**** Records supplied ****
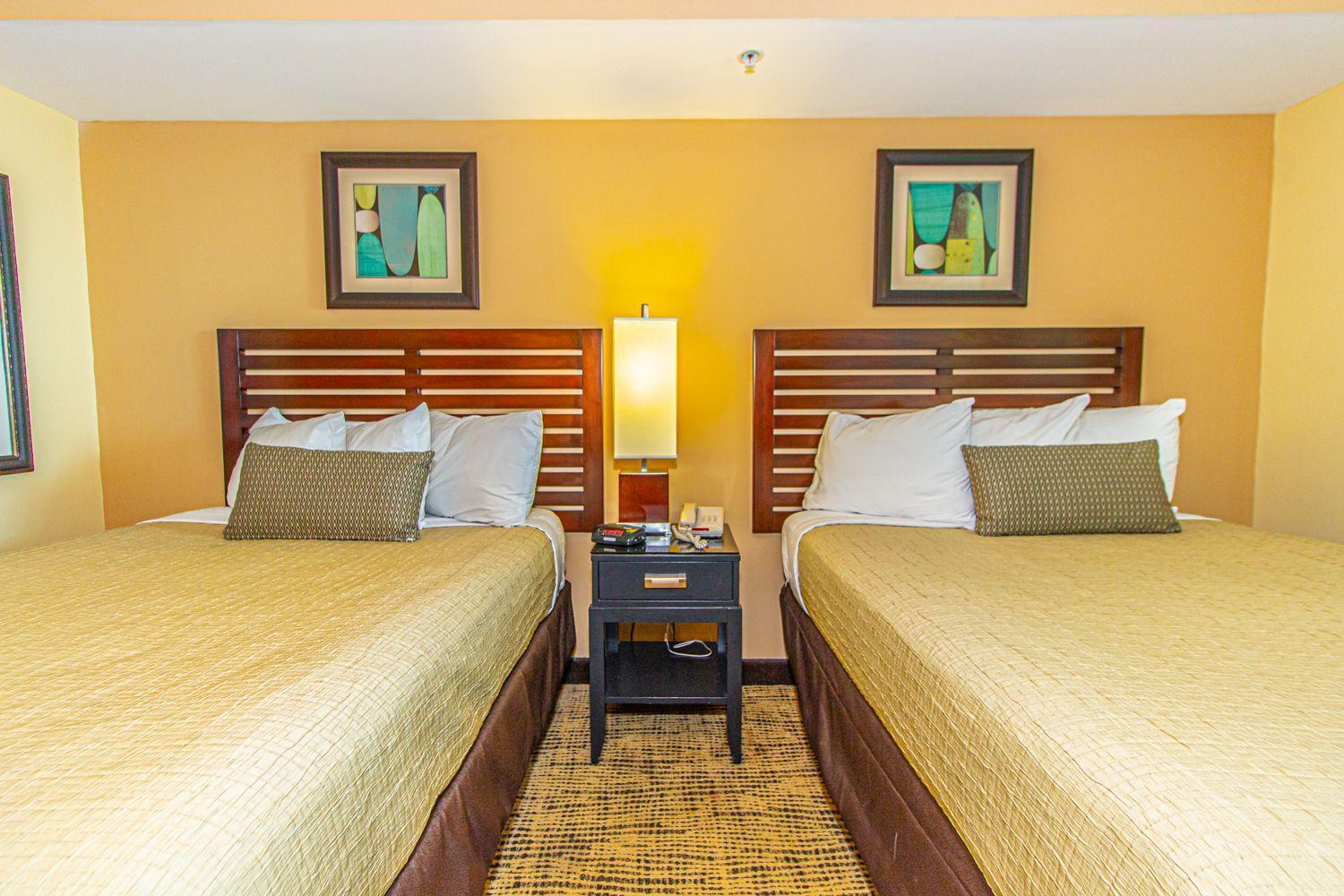 Towers On The Grove 724 Direct Oceanfront Suite Sleeps 6 Guests 默特尔比奇 客房 照片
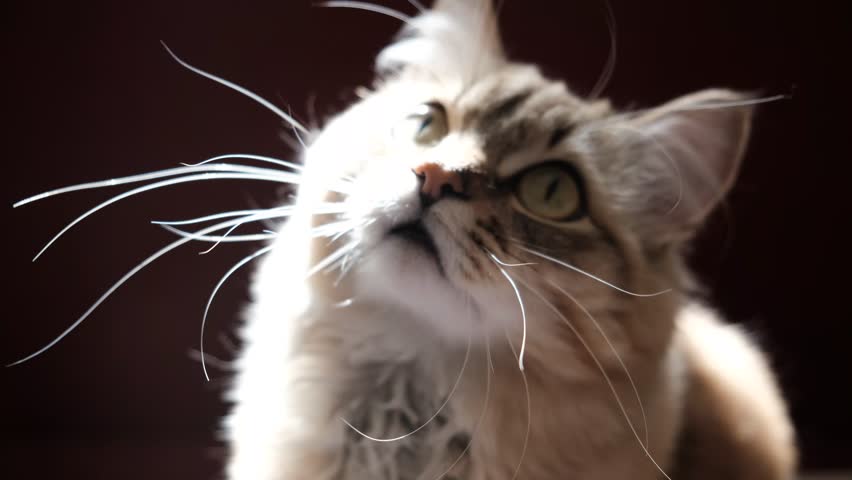 A wary cat carefully watches something, starring with intense. Close up. Cute cat goes on attack. Animal Behavior. Humor	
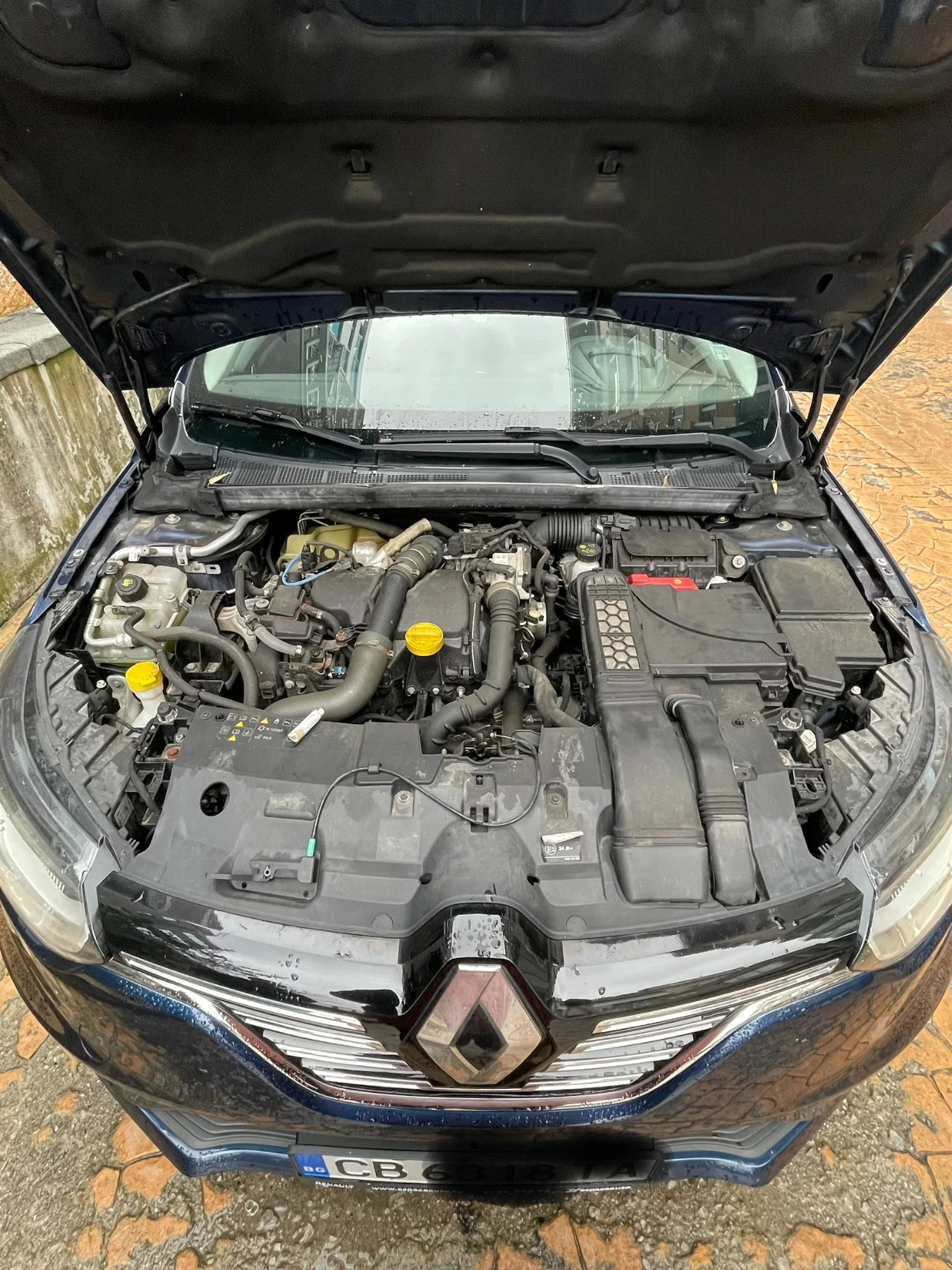Renault Megane Серия Bose , снимка 3 - Автомобили и джипове - 56746424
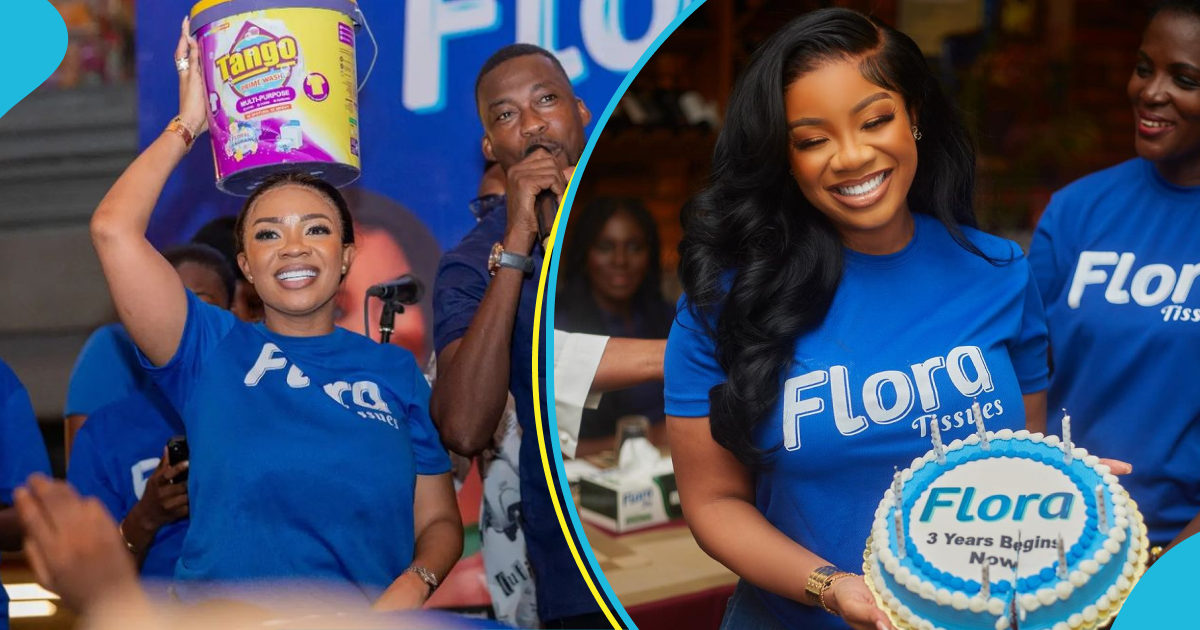 Serwaa Amihere: Flora Tissues hail their brand ambassador amidst Henry Fitz scandal, drop oil painting of her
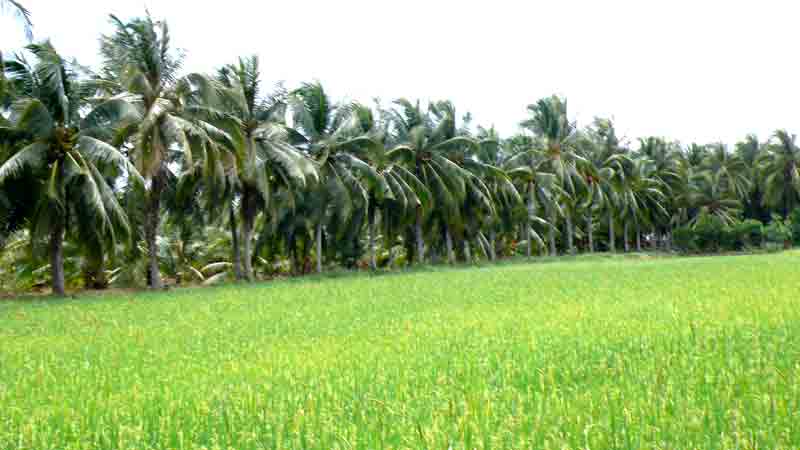 Photos Ben Tre 2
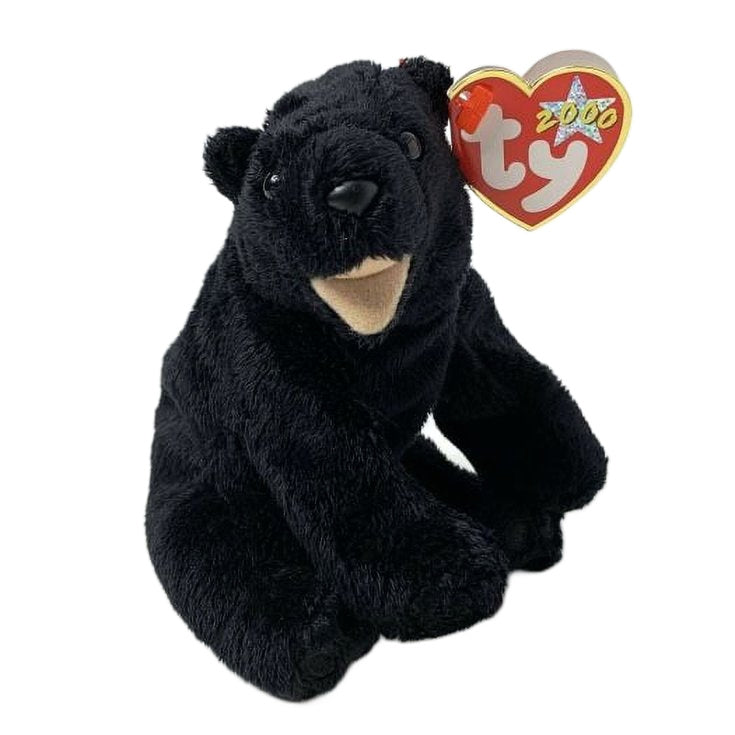 Cinders the Bear reference photo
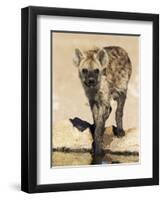 Spotted Hyena, Crocuta Crocuta, Kgalagadi Transfrontier Park, South Africa, Africa-Ann & Steve Toon-Framed Photographic Print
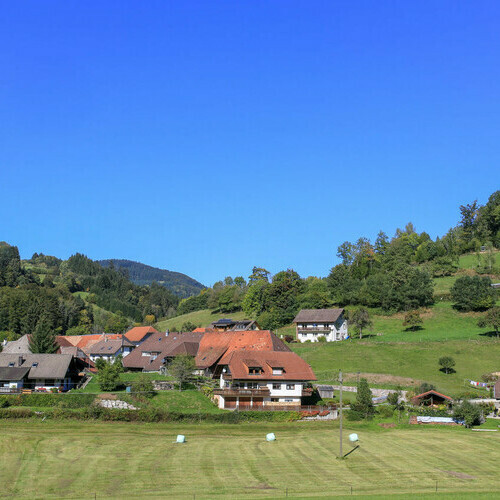 Wohnhäuser in Wembach umringt von grünen Wiesen Wohnhäuser in Wembach umringt von grünen Wiesen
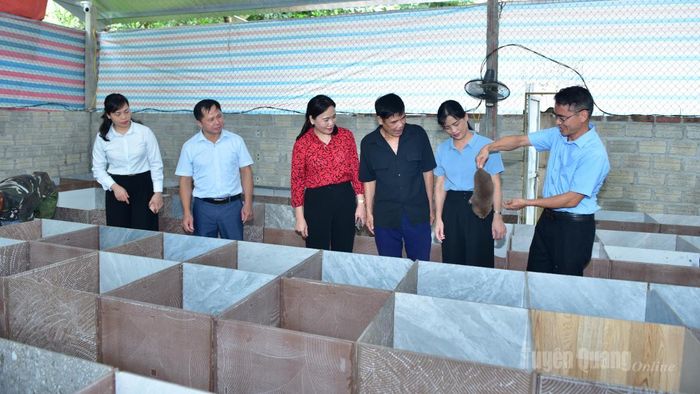 Đồng chí Phó Bí thư Thường trực chuyên trách Đảng ủy UBND tỉnh Nông Thị Bích Huệ tham quan mô hình nuôi dúi của hộ anh Ma Văn Sang, thôn Làng Đẩu.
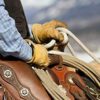 SKYDEER Deerskin Leather Hi-Performance Utility Driver Work Glove, Summer and Winter Gloves for Men and Women - Image 5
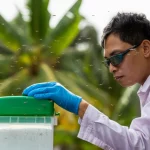 Fotografia realistica di maschi sterili di zanzara Aedes aegypti rilasciati da un contenitore da un ricercatore con guanti in un ambiente urbano tropicale malese, obiettivo zoom teleobiettivo 100mm, tracciamento del movimento che cattura il volo delle zanzare, sfondo sfocato.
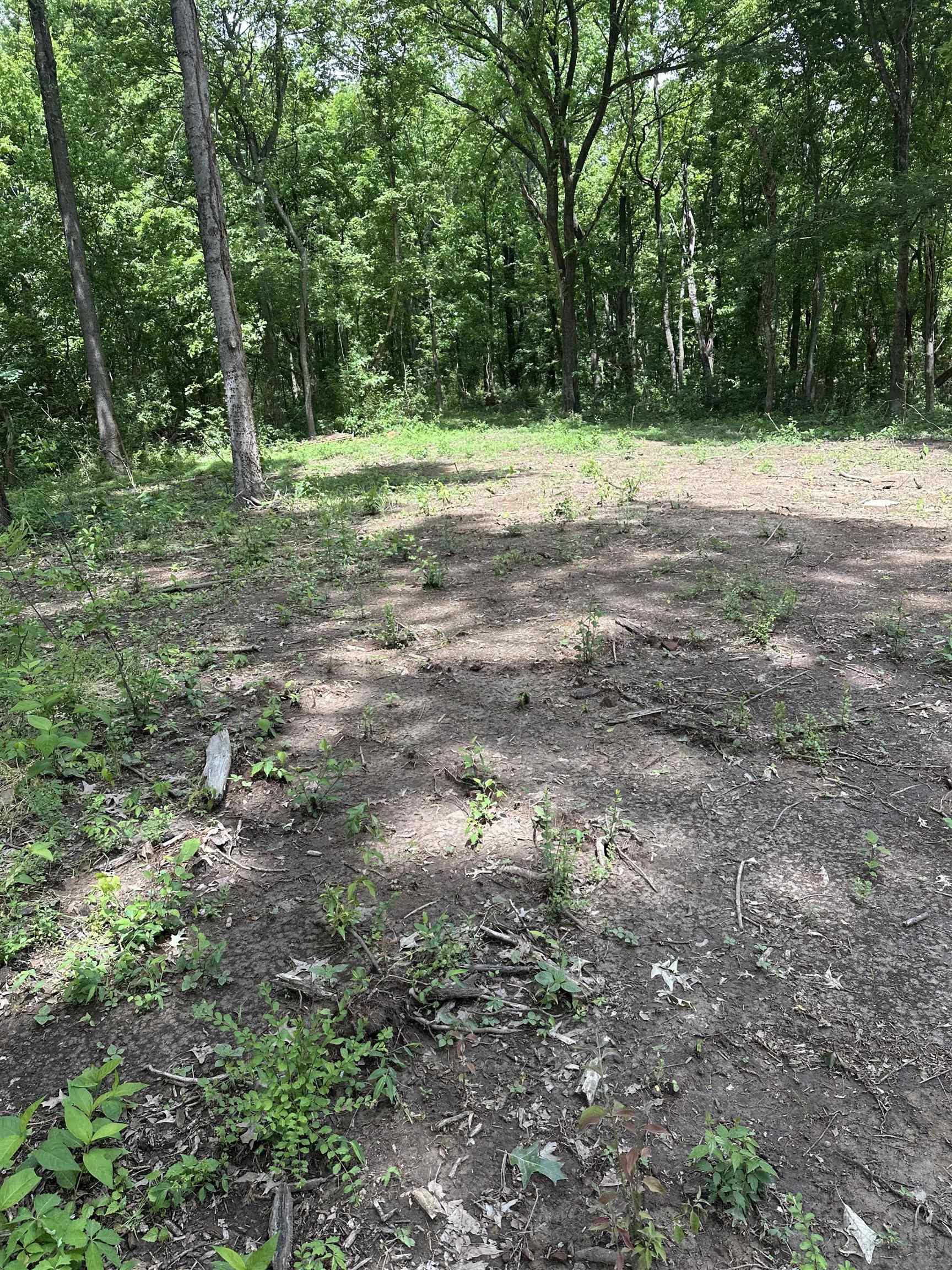 0 N WATKINS RD Property Photo 1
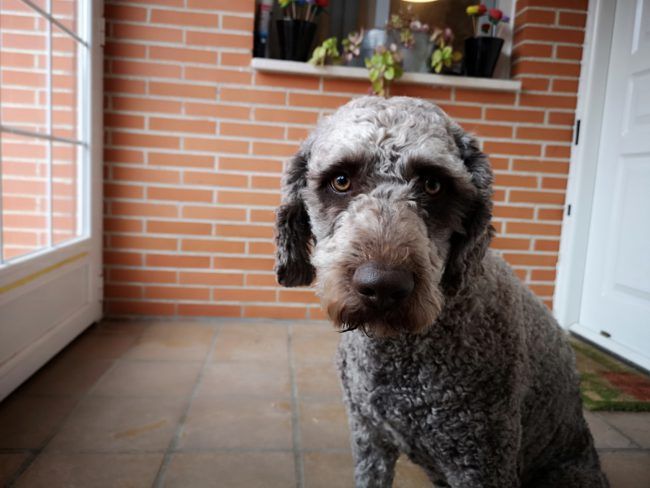 Foto primer plano con el Huawei P20 Pro
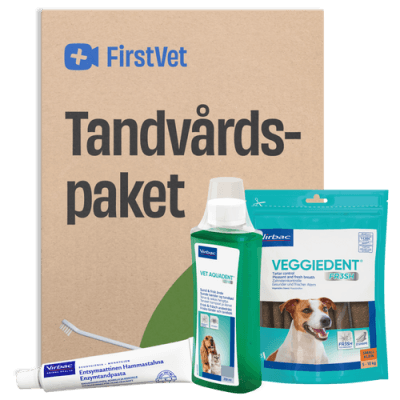 Firstvet Tandvårdspaket – Helhetslösning – tandvårdskit för hund bäst i test 2026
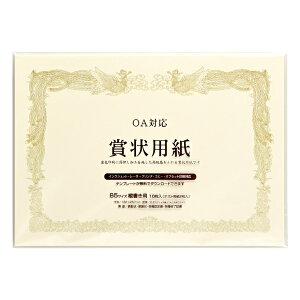 �}���A�C�bMARUAI �k�e��v�����^�l�܏�p�� ���^ 0.2mm [B5 /10��] GP-SHB5Y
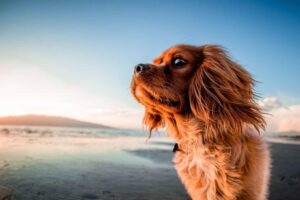 Can I take my 9-week-old puppy to the beach?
****
The records above should be duplicated exactly, with none of their pictures kept.

 Towers On The Grove 724 Direct Oceanfront Suite Sleeps 6 Guests 默特尔比奇 客房 照片
 A wary cat carefully watches something, starring with intense. Close up. Cute cat goes on attack. Animal Behavior. Humor	
Renault Megane Серия Bose , снимка 3 - Автомобили и джипове - 56746424
 Serwaa Amihere: Flora Tissues hail their brand ambassador amidst Henry Fitz scandal, drop oil painting of her
 Photos Ben Tre 2
 Cinders the Bear reference photo
 Spotted Hyena, Crocuta Crocuta, Kgalagadi Transfrontier Park, South Africa, Africa-Ann & Steve Toon-Framed Photographic Print
 Wohnhäuser in Wembach umringt von grünen Wiesen Wohnhäuser in Wembach umringt von grünen Wiesen
 Đồng chí Phó Bí thư Thường trực chuyên trách Đảng ủy UBND tỉnh Nông Thị Bích Huệ tham quan mô hình nuôi dúi của hộ anh Ma Văn Sang, thôn Làng Đẩu.
 SKYDEER Deerskin Leather Hi-Performance Utility Driver Work Glove, Summer and Winter Gloves for Men and Women - Image 5
 Fotografia realistica di maschi sterili di zanzara Aedes aegypti rilasciati da un contenitore da un ricercatore con guanti in un ambiente urbano tropicale malese, obiettivo zoom teleobiettivo 100mm, tracciamento del movimento che cattura il volo delle zanzare, sfondo sfocato.
 0 N WATKINS RD Property Photo 1
 Foto primer plano con el Huawei P20 Pro
 Firstvet Tandvårdspaket – Helhetslösning – tandvårdskit för hund bäst i test 2026
 �}���A�C�bMARUAI �k�e��v�����^�l�܏�p�� ���^ 0.2mm [B5 /10��] GP-SHB5Y
 Can I take my 9-week-old puppy to the beach?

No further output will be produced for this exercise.